= DC Arts and Humanities Education Collaborative =

The DC Arts and Humanities Education Collaborative is a non-profit organization dedicated to providing equitable access to arts education for all DC public and public charter schools for the growth of the whole child. The DC Collaborative believes that the arts—inclusive of music, visual arts, theater, dance and literary arts—are central to the education of every student. As a community-based partnership organization, almost 100 members strong, DCAHEC works with its partners to produce such exemplary programs as Arts for Every Student (AFES), Professional Development, and the recently launched Arts Education Initiative (AEI).

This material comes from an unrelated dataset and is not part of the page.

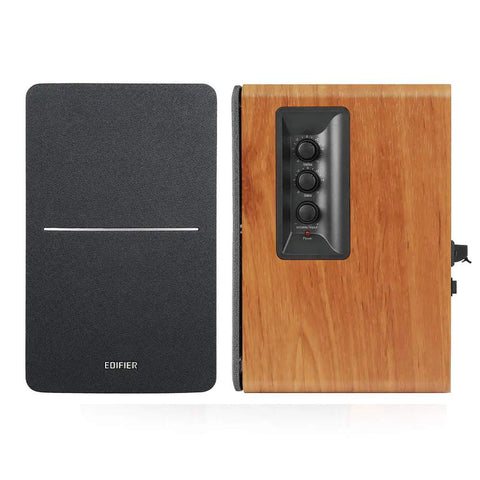 R1280DBs Active Bluetooth Bookshelf Speakers With Optical Input And Sub Out 2.0 Studio Monitor Sound 42W RMS Wood Grain Finish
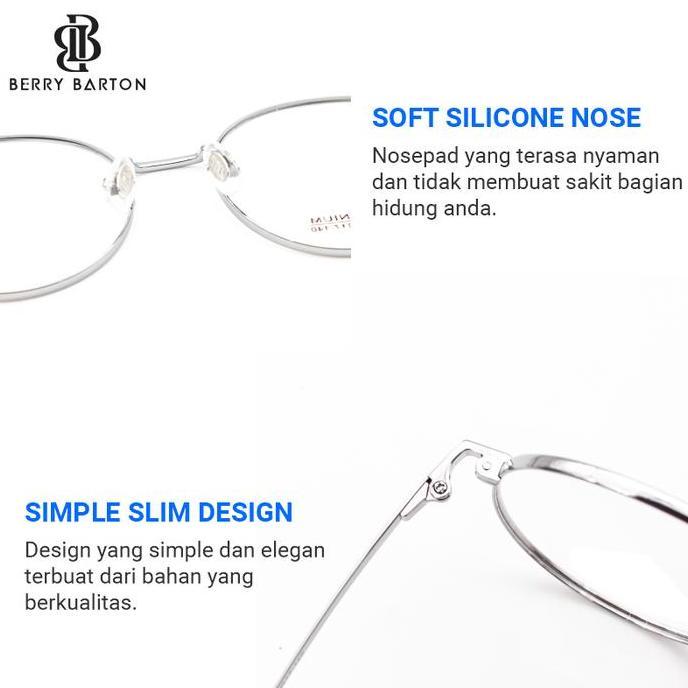 Kacamata Minus Frame Bulat Titanium Elastis Photocromic Blueray 9127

Members of the Collaborative include Adventure Theatre, Arena Stage, The Kennedy Center, the National Museum of African Art, The National Museum of Women in the Arts, the National Symphony Orchestra, Fords Theater, The Freer and Sackler Galleries and the Washington Bach Consort among many others. The Executive Director of the DC Collaborative was Louise Kennelly. In 2014, Lissa Rosenthal-Yoffe stepped into the role.

The DC Collaborative's Arts for Every Student program comprises both in school and out-of-school arts experiences, available to DC public and chartered school students without charge:

AFES at Cultural Institutions provides the DC public and chartered schools with access to age-appropriate cultural opportunities throughout the Washington Metropolitan area. The DC Collaborative's sponsorship ensures that under-served schools can benefit from the region's rich array of arts amenities. Excursions include storytelling presentations, music, dance and theater experiences including trips to the Kennedy Center and museums. These events connect to class-curriculum and help students develop critical-thinking skills. Participating organizations provide teachers with study materials, adding further incentive to integrate the arts into their daily lessons. In the 2008-2009 school year more than 33,000 students and teachers visited Cultural Institutions through AFES. Since 1998, the DC Collaborative has served 322,045 students and educators.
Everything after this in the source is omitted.